Twins catcher Mike Redmond would stand near his locker before a game and announce that he needed coffee. He would strip, then troll for caffeine and attention.

Soon, the Naked Walk was not enough. "You've got to keep it fresh," he said.

So when his teammates became accustomed to the Naked Walk, he would step onto the card table holding their cribbage game and strut above them on his way to the kitchen. "I got a little nervous," bullpen coach Rick Stelmaszek said, "when he walked over the table and nobody bothered to look. They don't bat an eye at him anymore."

Which brings us to Sunday, the morning of the Twins' latest Big Game, against the White Sox. Redmond saw his name in the lineup, told starting catcher Joe Mauer, "Take the day off and cheer for me, I got it handled," and decided to accessorize his Tools of Ignorance.

Thus, he donned the Magic Girdle, an old, yellowed undergarment that looks as if it once might have supported Kent Hrbek's love handles. "They found it in an old trunk somewhere," Redmond said. "It's pretty cool, and it holds in my obliques."

An hour after modeling the girdle -- and how often do you see that phrase in a baseball story? -- Redmond contributed in the other way to which the Twins have become accustomed, hitting a two-run single in the third inning of their 7-3 victory.

"When I first saw the Naked Walk, it was pretty ... pretty ... well, bad," said Torii Hunter. "It's a tough scene, and he knows it. But he does get guys laughing."

Said locker neighbor Nick Punto: "I actually have to sit and talk to him when he's naked. But he continually gets big knocks for us, and he has some of the best ball-talk I've ever heard."The Naked Walk has gotten pretty normal now," Michael Cuddyer said. "And that's probably sad. When I told him he should come out of his shell, I didn't think he'd take it literally."

Baseball is the most fascinating and literary of games because of the characters who inhabit every clubhouse, and Redmond might be the funniest Twin since Kirby Puckett was luring born-again Brian Harper and biker Dan Gladden into religious debates.

"Today was a big game," Redmond said. "I felt like I needed to try something different, and I think we responded to it, and I'm sure I was the reason."

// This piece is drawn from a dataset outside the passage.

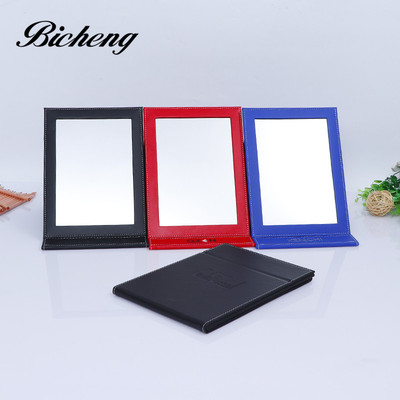 Manufactor Supplying Cosmetic mirror wholesale Take it with you mirror customized Daily PU Leatherwear Beauty Mirror logo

He laughed, but there is truth there. Redmond is hitting .333 and, on a team without an obvious leader, he's become a mentor for young players and an ice-breaker before big games.

It is not a coincidence that the Twins, with all of their impending contract decisions, have signed one player to an extension -- Redmond.

He lives in and hails from Washington state. Now he and his family are looking to buy a house in the Twin Cities.

"It took a while to get comfortable here, because I had never played anywhere but Florida," he said. "I didn't know how the guys would take to my personality. It's worked out better than I ever anticipated. This is a great group of guys. I'm the oldest guy on the team, but these guys make me have just as much fun as they do.

"I can't imagine going anywhere else at this point. I love the way we play, I love the organization, the way we get after it, and we're scrappy. We've got our own little thing going."

Redmond has created an entire vocabulary for the team White Sox manager Ozzie Guillen calls "The Little Piranhas."

He tells them to "smell those RBIs," which has led to players tapping their noses when they get a big hit. Sunday, he started bobbing his head and yelling, "Shoot it, now!" so often that Stelmaszek thought he was having an attack.

At the heart of the silliness is a passion for the game that you can't fake over a six-month season. "I love baseball," Redmond said. "Today, I was just pumped that I got to play. I still get nervous, just like in Little League."

Nervous? You should see his teammates when he gets coffee. "I think I'm losing it more and more every year," Redmond said of his sanity. "But, hey, we're having a lot of fun."